• [Prompt]
Only the lines below starting at the one containing "Dusk by Ladyfinger (ne)" and ending at the one containing "квартира за адресою" belong in the answer, each copied exactly.

• [Dataset excerpts]
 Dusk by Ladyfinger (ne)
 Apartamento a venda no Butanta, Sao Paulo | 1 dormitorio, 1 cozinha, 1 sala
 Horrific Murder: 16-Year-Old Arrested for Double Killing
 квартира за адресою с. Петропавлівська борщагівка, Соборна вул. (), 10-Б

==

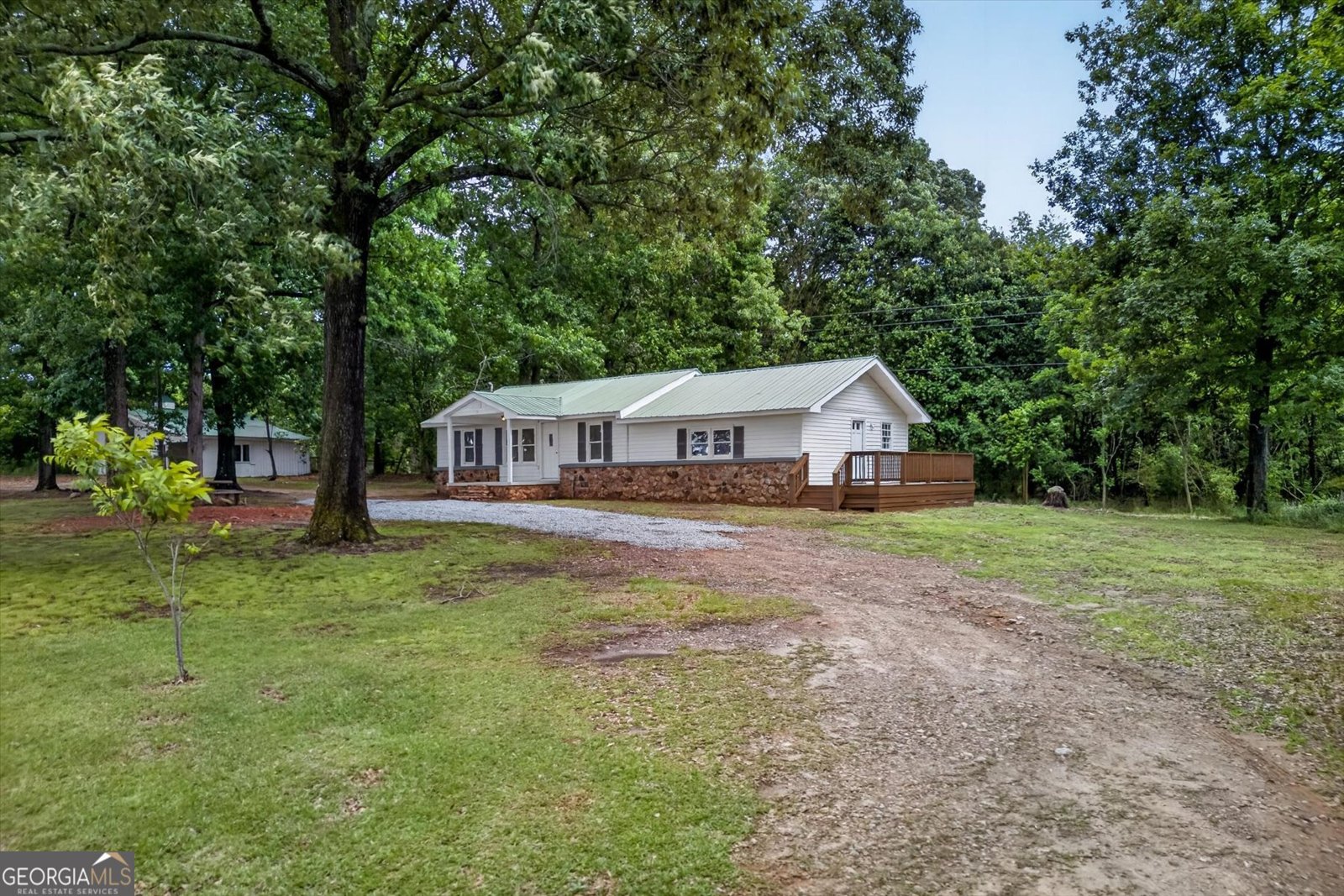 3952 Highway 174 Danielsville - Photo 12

• [Answer section]
 Dusk by Ladyfinger (ne)
 Apartamento a venda no Butanta, Sao Paulo | 1 dormitorio, 1 cozinha, 1 sala
 Horrific Murder: 16-Year-Old Arrested for Double Killing
 квартира за адресою с. Петропавлівська борщагівка, Соборна вул. (), 10-Б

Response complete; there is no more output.